Urinal

I left home for my Toronto trip minus one essential accessory.  Since I usually have to pee twice during the night, a urinal sits beside my bed.  Not this time.

No problem.  After all, this is the metropolis of Toronto and Shoppers Drug Mart is an easy walk from the B&B.  Let’s see … “incontinence” and “constipation” – sounds like the perfect aisle.  Nope, and actually no aisle did the job.  “I suggest you drive to Shoppers Home Health Care on Lawrence Avenue near Bathurst.”  Thank you, sir.  I know those stores have lots of medical equipment – wheelchairs, walkers, urinals.

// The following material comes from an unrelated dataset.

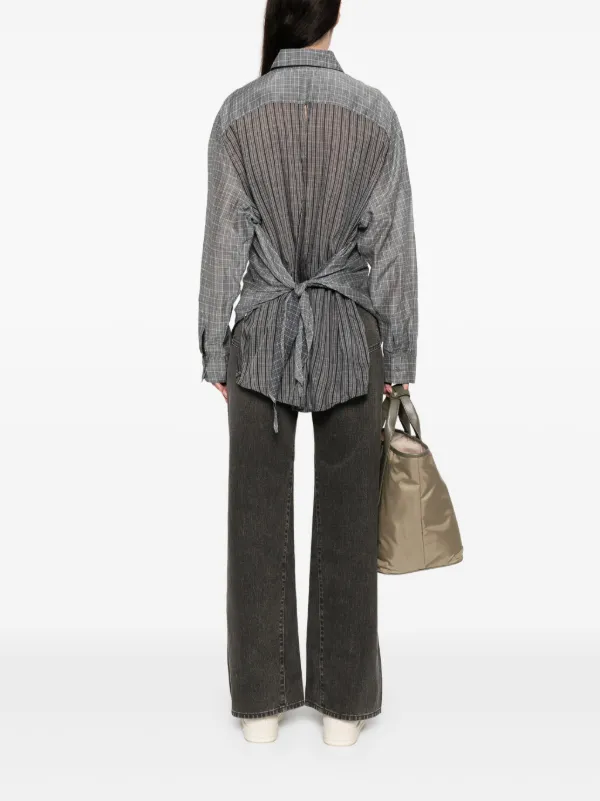 OUR LEGACY Apron Shirt | Blue | FARFETCH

So off I went in dear Scarlet, 4:30 on a Friday.  Rush hour can’t be that bad.  Wrong.  I stopped and started and stopped all the way along Lawrence.  Strangely, I was pretty loosy goosy about it all.  Gave me a chance to drink in a 200-metre-long mural under an overpass, full of vibrant faces and the wonders of the natural world.  Some of my friends in adjoining cars were quite antsy, however, zipping in and out of lanes, only to end up one or two car lengths ahead.

Finally a left turn into Lawrence Plaza and I was there.  I strode confidently into the store and was greeted by a woman wearing a huge smile.  “Oh, sir, those have been backordered for two weeks.”  (Sigh)  All this way for no peeing vessel.  What I did find on the shelf was a yellow plastic peanut-shaped thing, about two inches high and eight inches long.  I calculated how much pee it would hold and whether that would fulfill my nightly needs.  “Oh, just buy it, Bruce.”  $1.12.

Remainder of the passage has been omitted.